_Working data_.

════════════════════

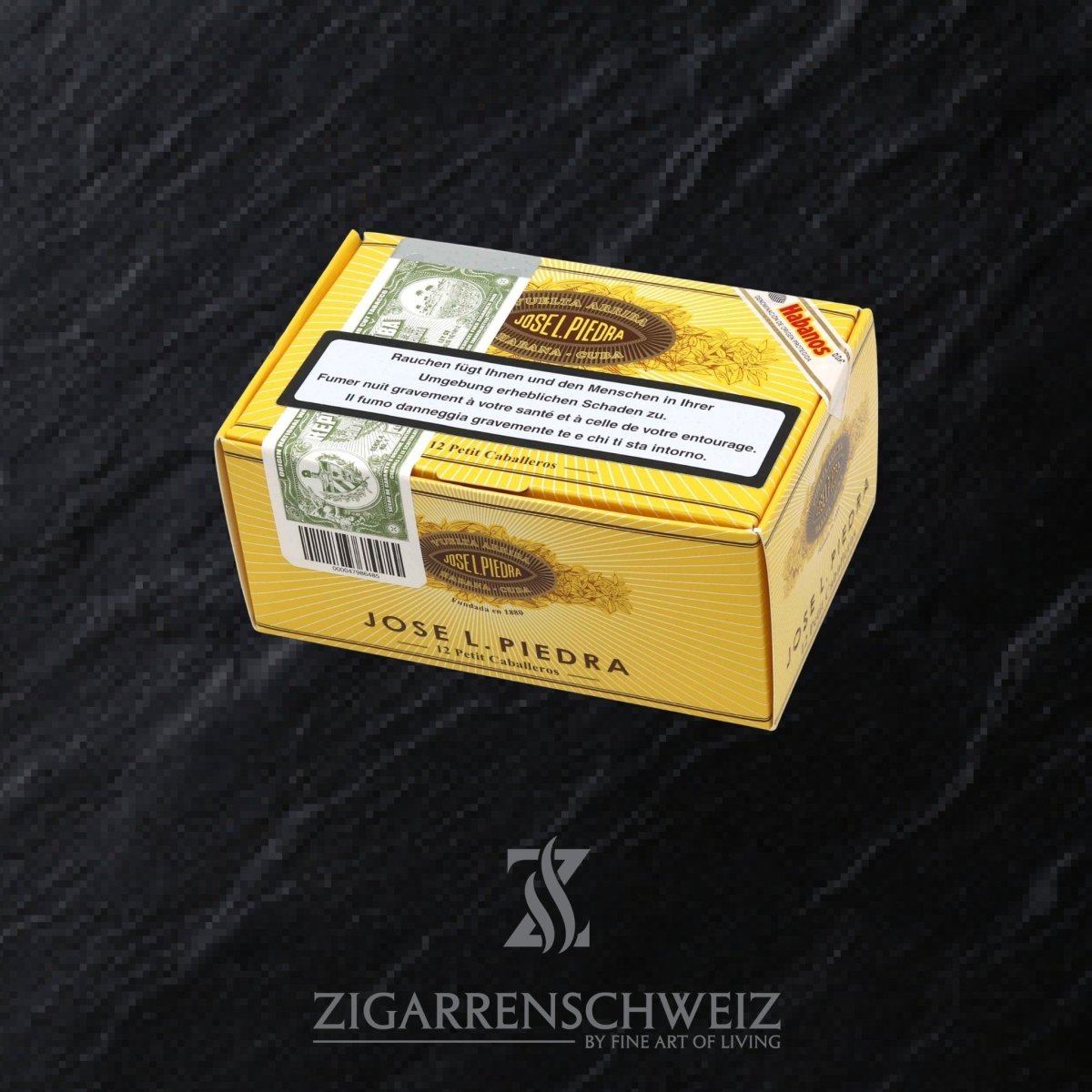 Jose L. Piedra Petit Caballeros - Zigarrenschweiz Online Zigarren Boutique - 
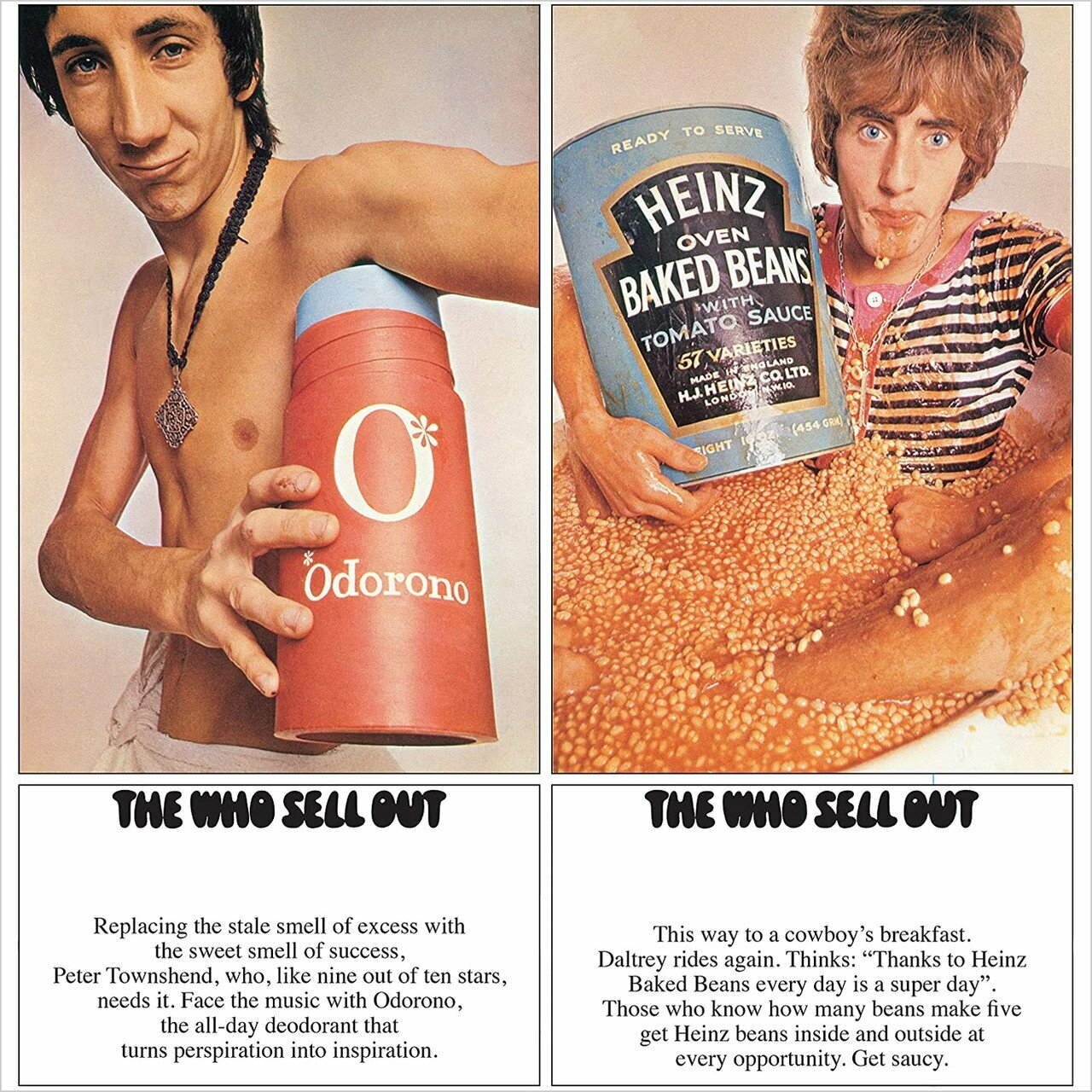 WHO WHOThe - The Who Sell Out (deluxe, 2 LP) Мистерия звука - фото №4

════════════════════

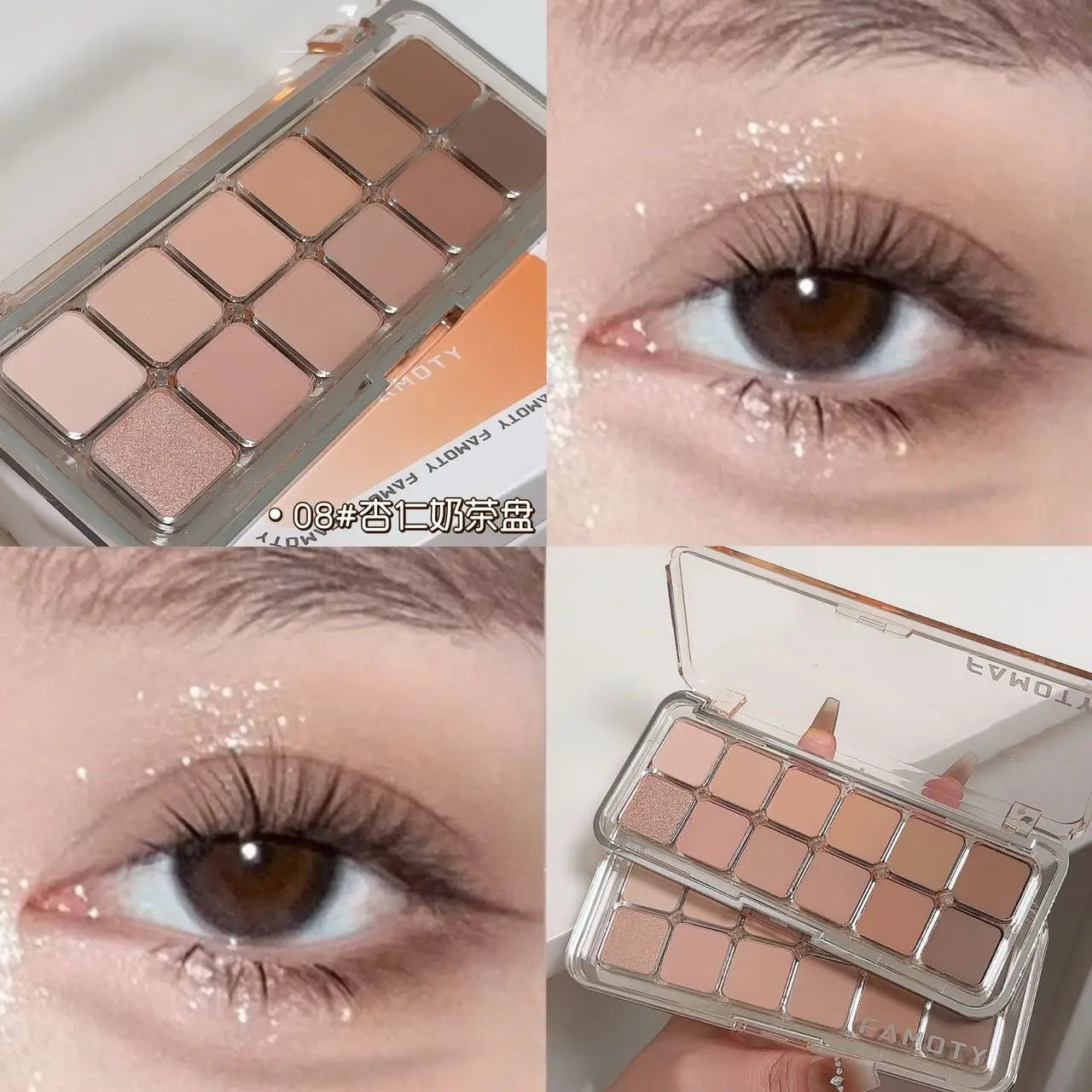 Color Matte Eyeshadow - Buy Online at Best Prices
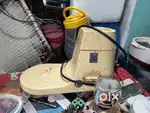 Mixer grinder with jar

════════════════════

_Task description_. All that is wanted is the lines above between the one containing "Color Matte Eyeshadow" and the one containing "Mixer grinder with jar", inclusive, restated word for word, with pictures omitted.

_Output_.
 Color Matte Eyeshadow - Buy Online at Best Prices
 Mixer grinder with jar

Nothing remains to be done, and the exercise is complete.